七色

感じることを怠けないように。

荻原さんの新シリーズ1作目。現代日本を舞台にした和製ファンタジー(なのかな)。

荻原さんの作品は、主人公の少女が、平凡に見えて、実は生まれつきなんらかの能力、身分を持っていて、そのせいで良かれ悪しかれ色んなひとが彼女の周りに集まってくる、という設定の場合が多い。このお話もそうだった。よくあるパターンだし、ヒロインに上手く感情移入できれば読んでて楽しいんだろうけど、個人的にその手のお姫さま設定にあまりこころを惹かれないこともあって、……まあ、ちょっと、鼻につく感じは、した。好きずきですけど。(最後の舞のシーンで、めろっとするか、ケッと思うかの違いだろうな。)(相良父子もいかにもだし。) 文章は読みやすいです。前半は冗長だけど、後半の展開は速くて読ませる(急ともいえるか)。和宮くんの正体あたりは読んでて引き込まれた。山の描写はすてき。あと装丁もすてき。本屋で手に取ってみたのは、装丁の効果も大きい。

ただ、あちこち設定が脆そうで…大丈夫なのかなって感じた。山伏やパソコン関連だけでもずいぶん突っ込みどころがありそう。
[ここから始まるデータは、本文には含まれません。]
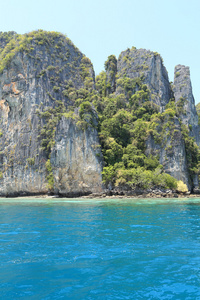 悬崖和清澈的海水 Phi Phi Leh 岛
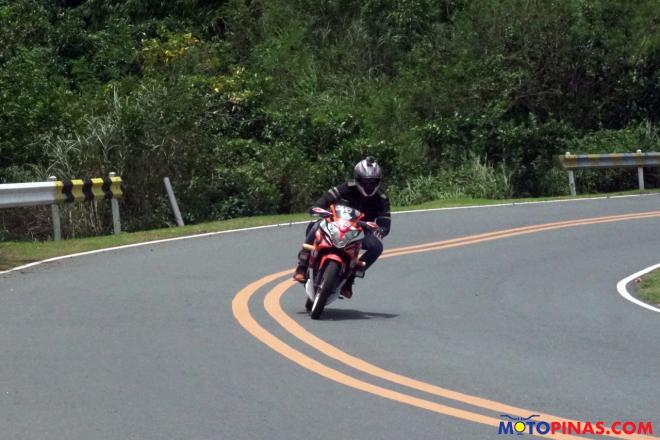 Double yellow vs dashed line: Know the road markings image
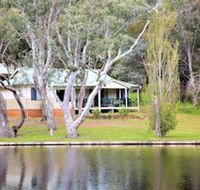 Bushy Lake Chalets - Brisbane 4u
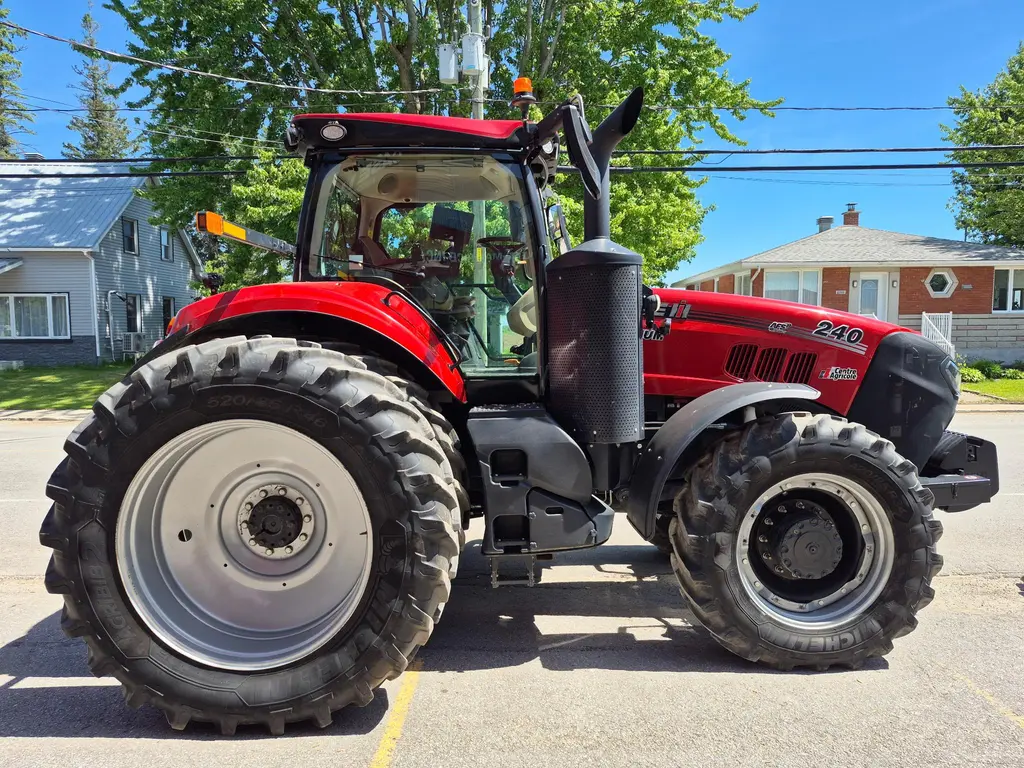 2021 Case IH Magnum 240 CVT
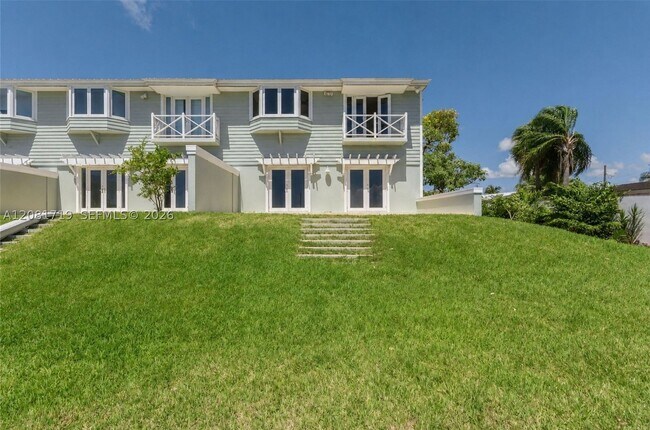 Building Photo - 8041 NE Bayshore Ct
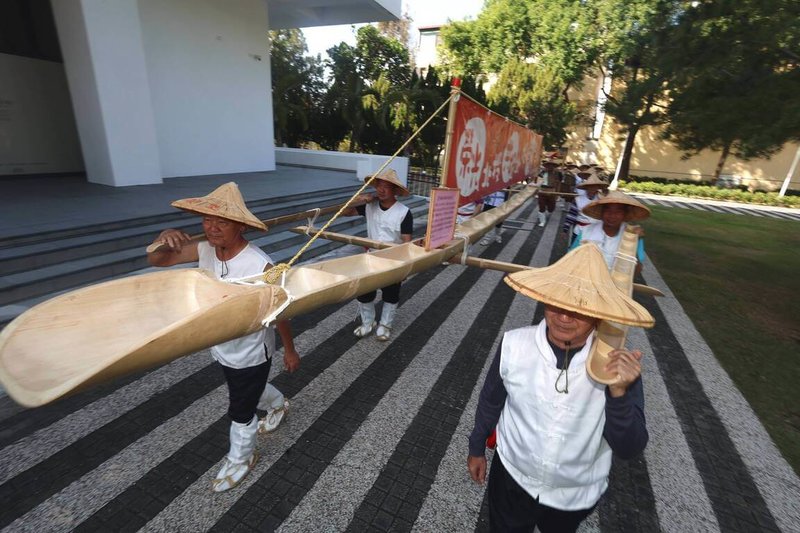 南投縣草屯鎮2025年稻草工藝文化節活動29日開幕，草屯北投社區居民合力扛起長約8公尺的「扁擔王」，將申請金氏世界紀錄認證，傳承草屯在地文化。（南投縣政府提供）中央社記者吳哲豪傳真　114年11月29日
機械化された現代日本の中に超常の力が入り込んでくるなら、その対比はもっと明確に描かないと、うまく伝わらないんじゃないかな。というより、明確に描ける部分はしっかりリアルに描いておかないと、超常現象の部分自体が生きてこない。そのラインが曖昧だと、こういう話は全体としても曖昧な印象になってしまう気がする。

次巻からは東京を舞台にした学園ものっぽい。荻原作品の学園って、西の善き魔女のときものすごかったから…、どうなるんだろう。楽しみなようなこわいような。続きも予約した。